Nad Krakowem gwałtowna burza i ulewny deszcz przeszły wczesnym popołudniem w niedzielę, 16 sierpnia. Do tej pory krakowska Straż Pożarna interweniowała kilkadziesiąt razy, ale ta liczba ciągle rośnie.
Wiele mniejszych i większych ulic dosłownie zniknęło pod wodą, ponieważ kanały burzowe nie były w stanie przyjąć takiej ilości wody, a w pewnym momencie w ogóle przestały ją odprowadzać.
Na ul. Lea, obok kościoła NMP z Lourdes utworzyła się długa na kilkanaście metrów kałuża. Próbujący sforsować ją kierowcy zanurzali samochody niemal do połowy kół. Jeszcze gorzej (głębiej) było na ul. Konopnickiej - za rondem Matecznego, w kierunku Jubilata. Na samym rondzie Matecznego nie działała natomiast sygnalizacja świetlna.
Zalana była także m. in. ul. Nowohucka. Trudna sytuacja była ponadto w tunelach (m.in. pod rondem Grunwaldzkim) i pod wiaduktami (m.in. na ulicach Jugowickiej i Prądnickiej).
Na ul. Bernardyńską i znajdujący się przy niej chodnik woda naniosła wypłukane kamienie oraz ziemię ze stoku wzgórza wawelskiego.
Kierowcy, którzy nie chcieli ryzykować uszkodzenia samochodu czy to przez zalanie, czy najeżdżając na przesuniętą studzienkę kanalizacyjną, zatrzymywali się na chodnikach i poboczach i próbowali przeczekać ulewę. Zdecydowana większość starała się jednak mimo utrudnień nie przerywać jazdy.
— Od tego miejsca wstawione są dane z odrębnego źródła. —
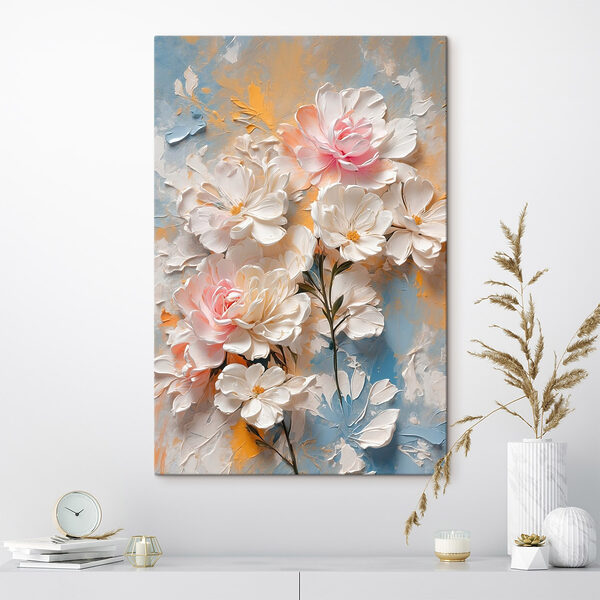 Peinture de fleurs sur fond bleu et jaune Peinture de fleurs sur fond bleu et jaune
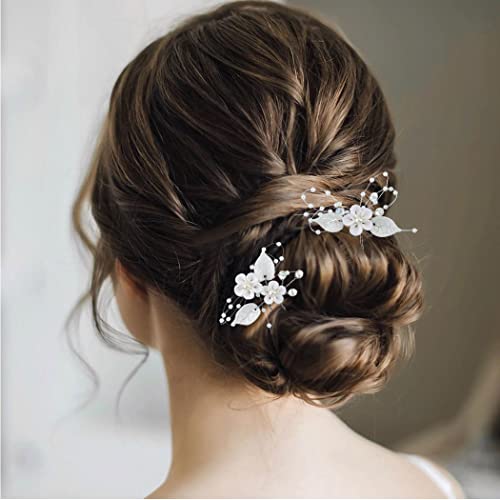 Сватбени фиби за коса с цветя модел, 2 броя, сребърни сватбени щипки за коса с перли, елегантни сватбени аксесоари за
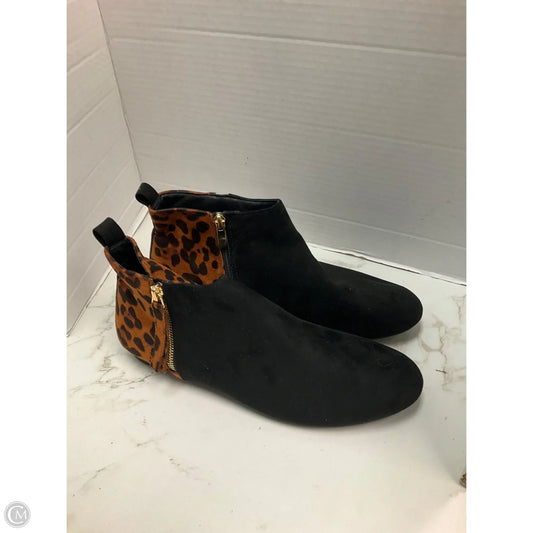 Boots Ankle Flats By Cme In Animal Print, Size: 9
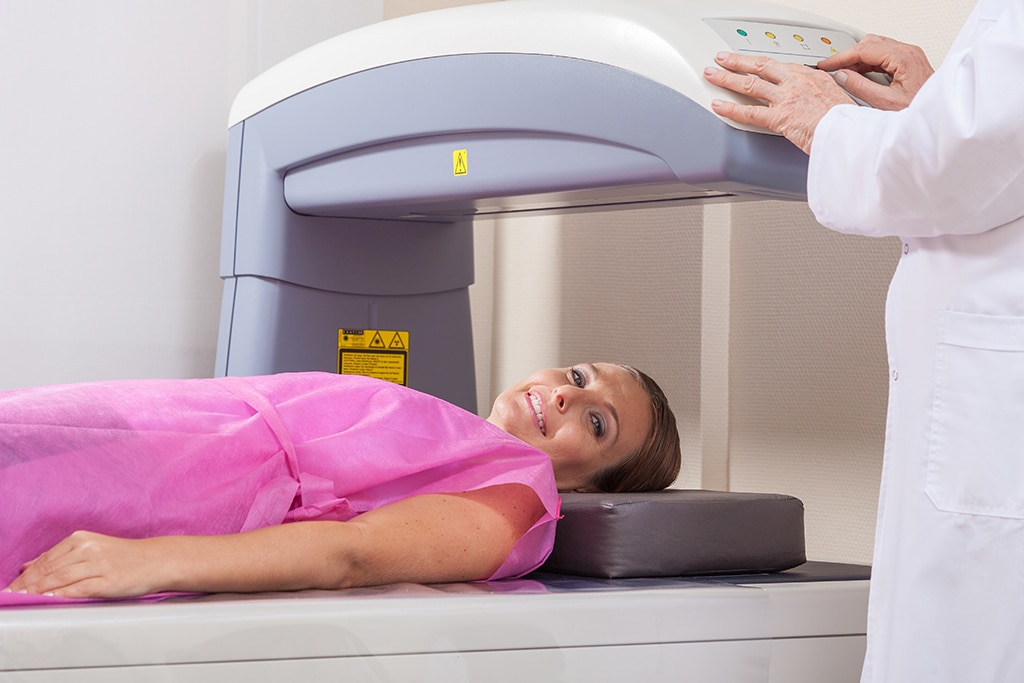 Woman Smiling Before Her DEXA Scan Study Starts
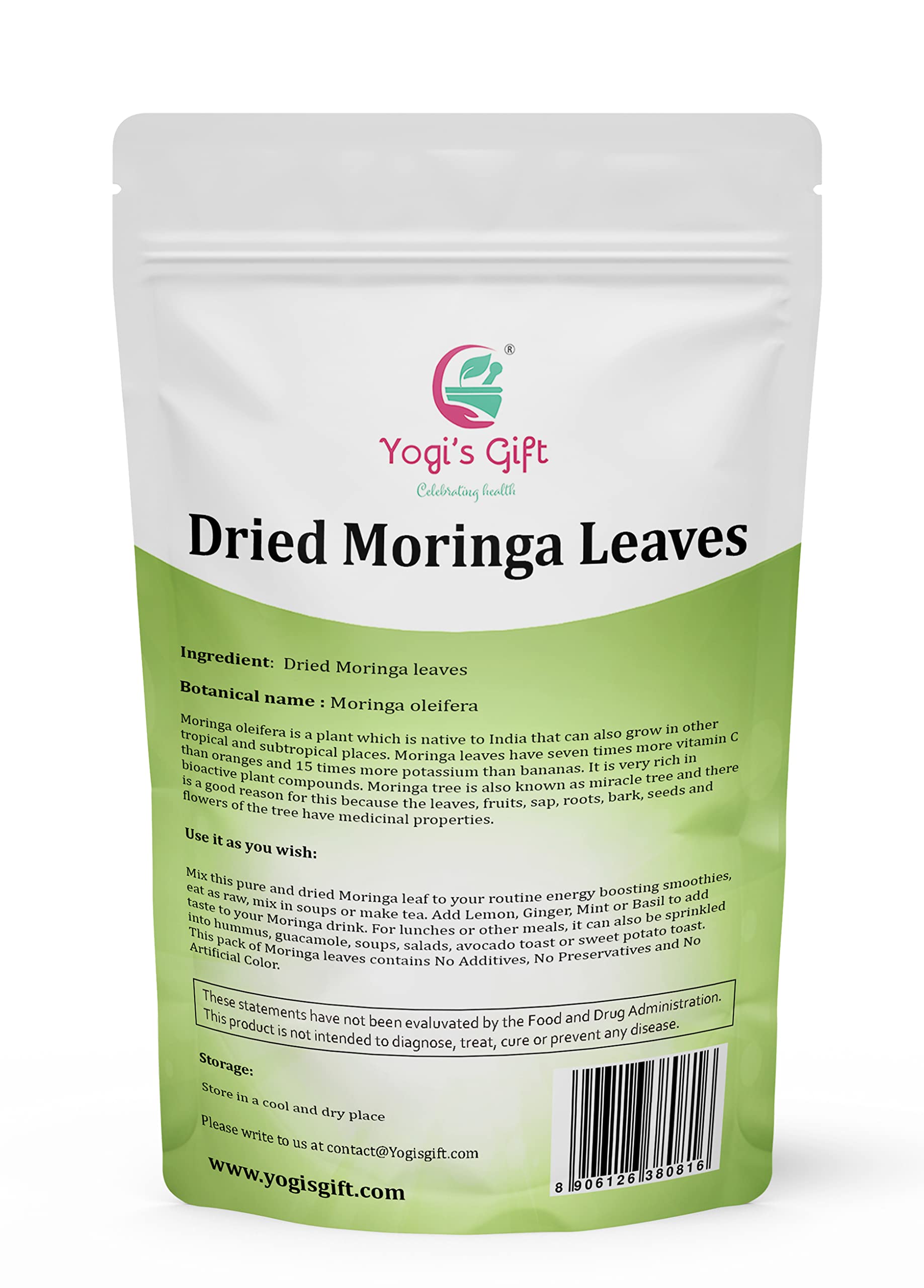 Ground moringa leaves powder from YOGI'S GIFT for smoothies and sauces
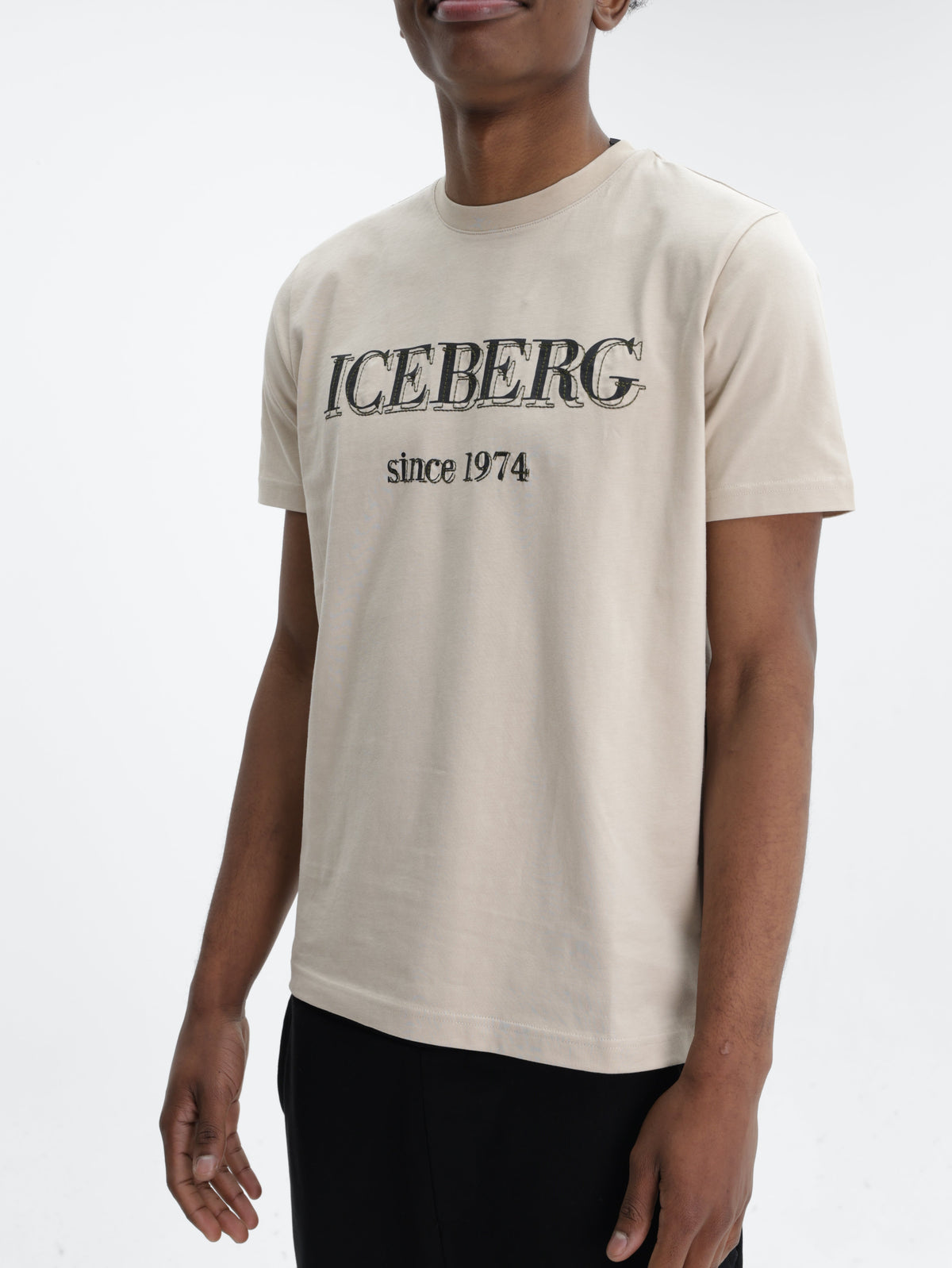 Iceberg T-Shirt Black Logo Print Crew Cream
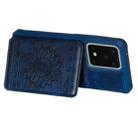 For Galaxy S20 Ultra Sun Flower Pattern Embossed Horizontal Drop-proof Mobile Phone Case with Card Slots & Wallet & Photo Holder & Stand Function(Blue) - 5
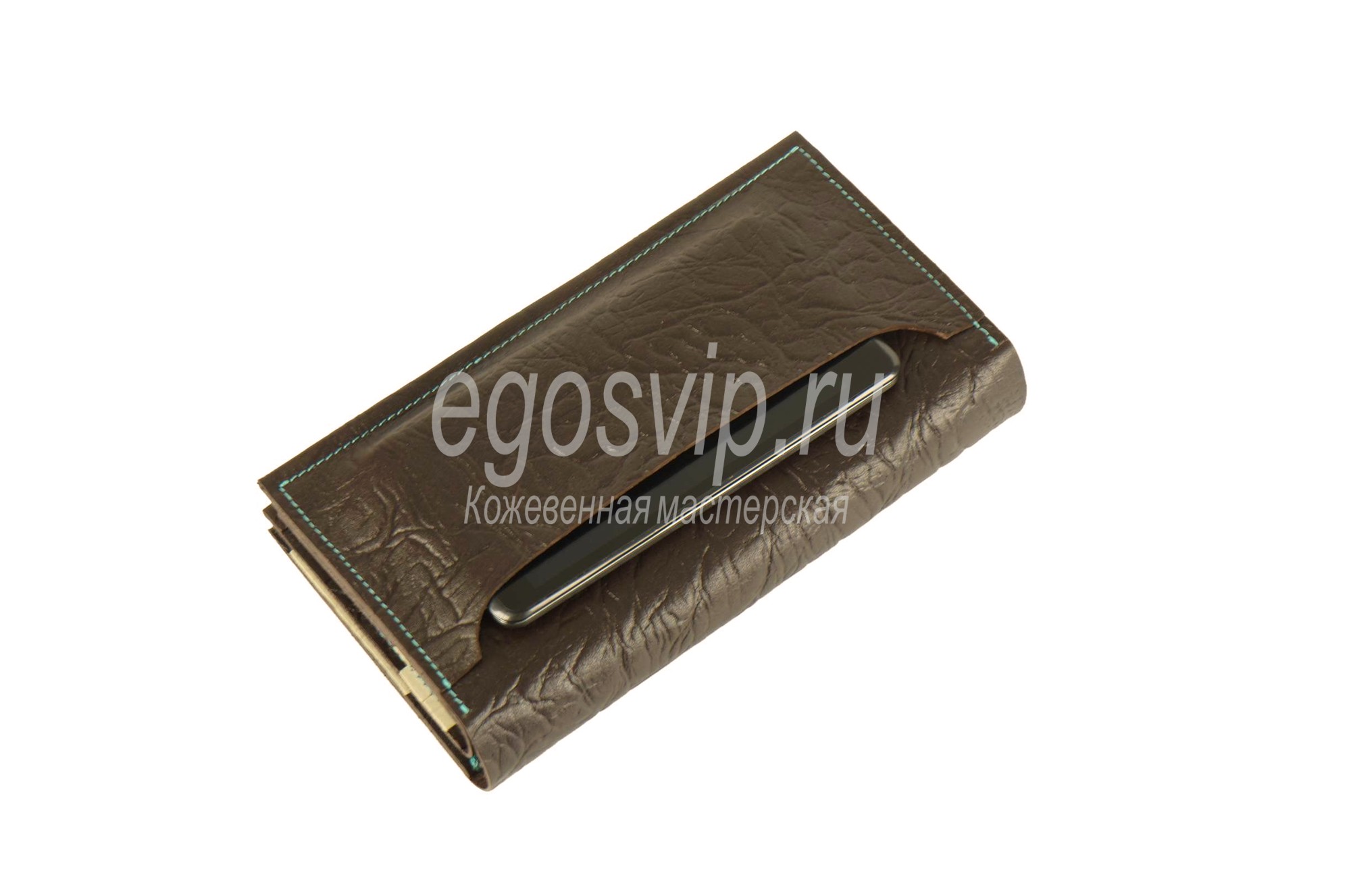 Кожаный кошелек клатч с карманом на корпусе и застежкой - хлястиком / модель 83-02 коричневый с бежевым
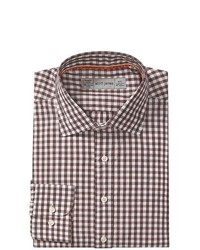 Scott James Jonathan Mini Check Shirt Long Sleeve Brown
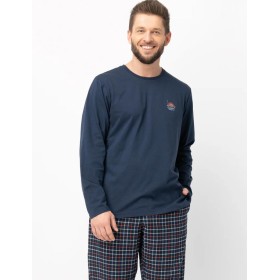 Пижама мужская с фланелевыми штанами Key MNS 481, Цвет: тёмно-синий, Размеры: L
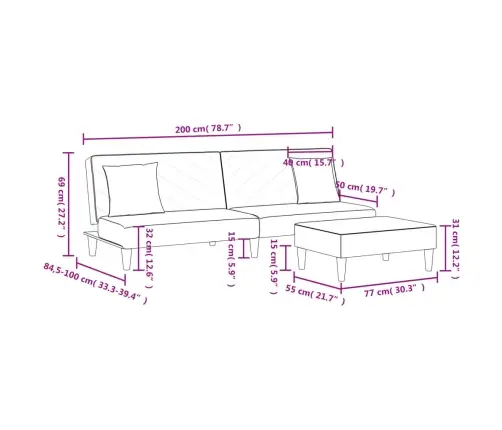 Divdaļīgs Dīvānu Komplekts Ar Spilveniem, Tumši Pelēks Samts Vidaxl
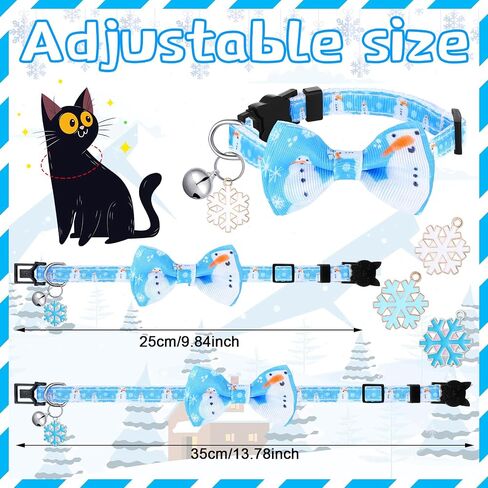 Abbylike 6 Pieces Winter Cat Collar with Bow Tie and Bell Adjustable Snowflake Pendant Cute Cat Collar Christmas Cat Collar Accessories Kitty Collars for Female Girl Cats Male Boy Cat Gifts (Small) in Saudi Arabia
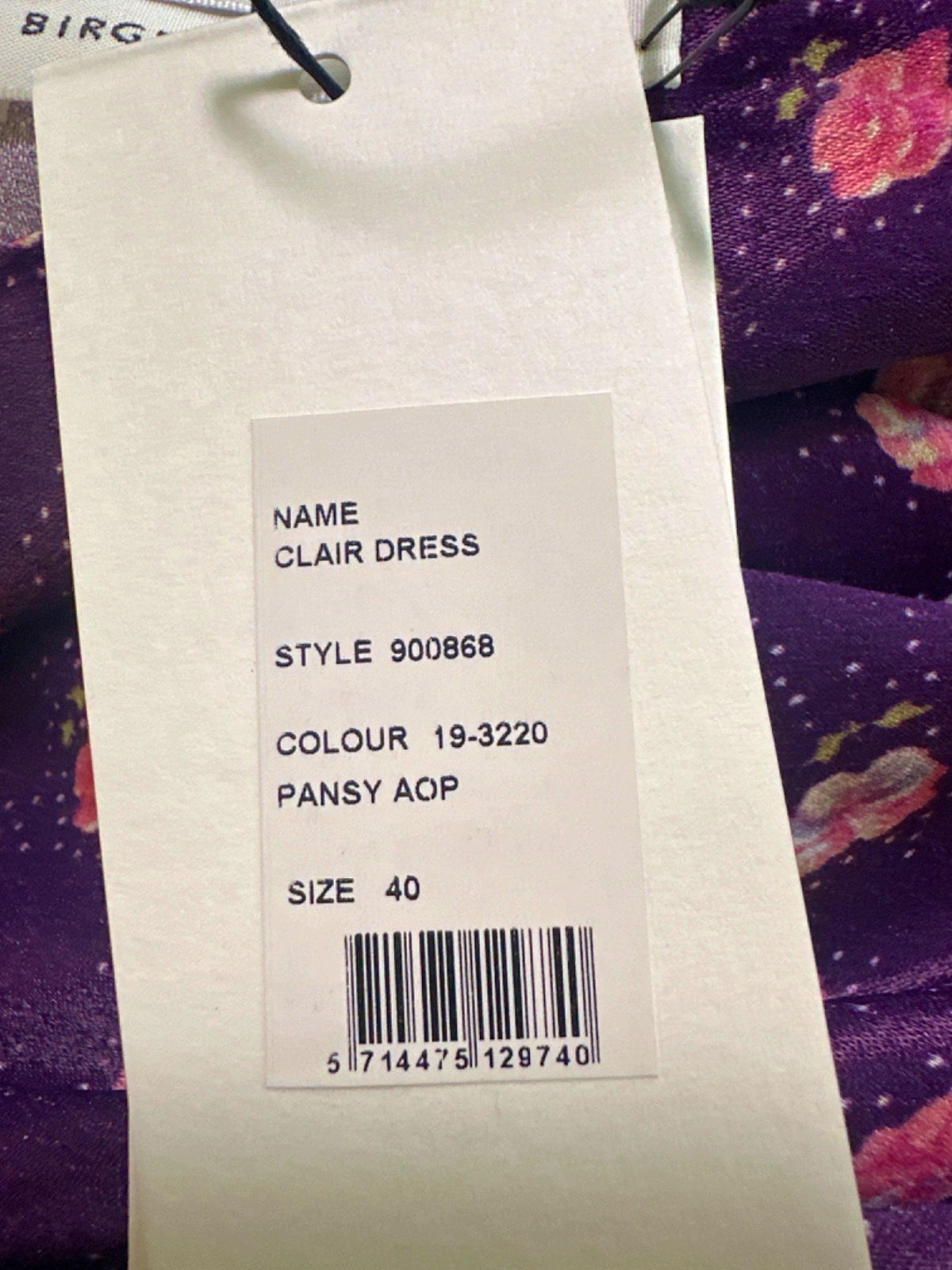 ROTATE Purple Clair Pansy print midi Dress DK40 UK 12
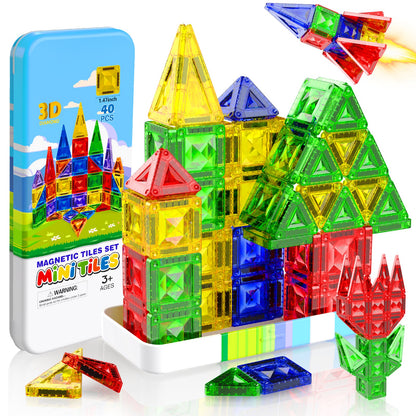 Magtribe™【Symmetric Learning】Magnetic Building Blocks | 40 PCS | 1.5" | Tile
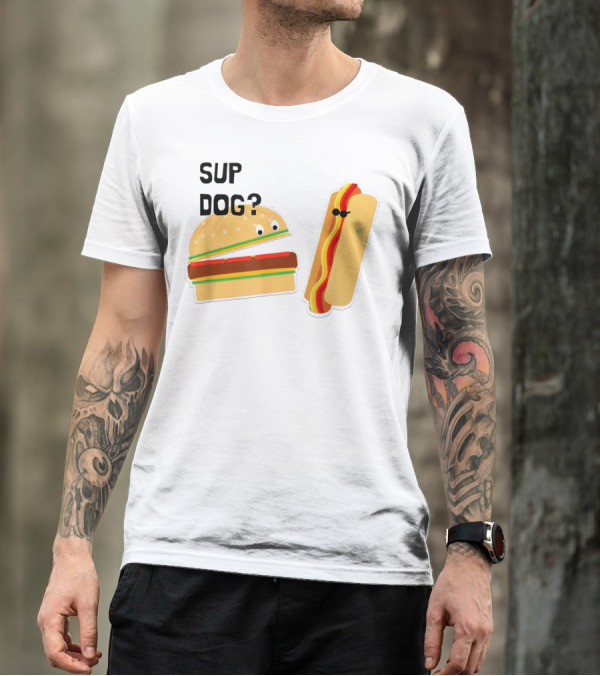 Burger And Hot Dog Sup Dog Funny Conversation T-Shirt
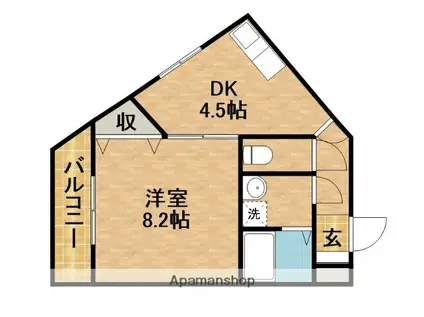 ティアラ植松(1DK/1階)の間取り写真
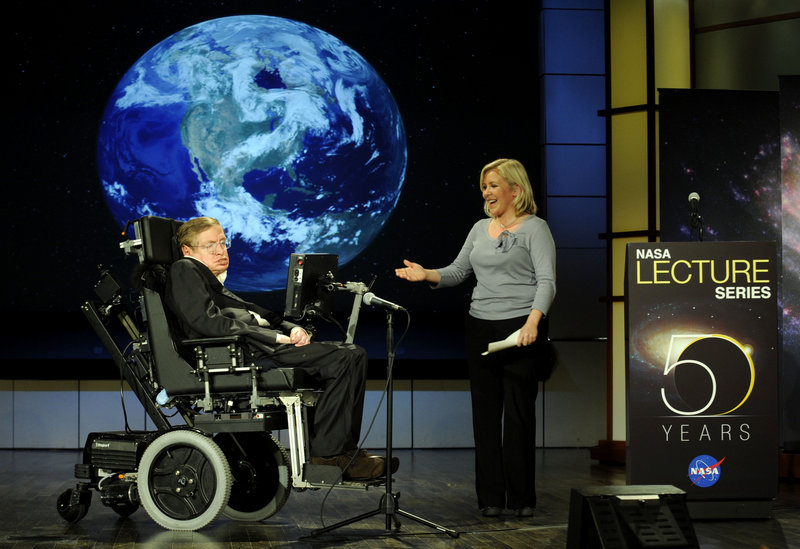 Stephen Hawking is praised by his daughter Lucy Hawking in 2008 as he gives a speech in honor of NASA’s 50th anniversary. Scientists are analyzing his DNA to see if a genetic mutation could explain his long survival with ALS.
Kilka godzin wcześniej ulewa zaskoczyła pielgrzymów, biorących udział w odpuście Wniebowzięcia NMP w Kalwarii Zebrzydowskiej. Podczas Mszy św. przy ołtarzu polowym, gdy nadeszła burza, część pielgrzymów schroniła się w samochodach, inni przeczekali deszcz w kalwaryjskiej bazylice i na klasztornych krużgankach.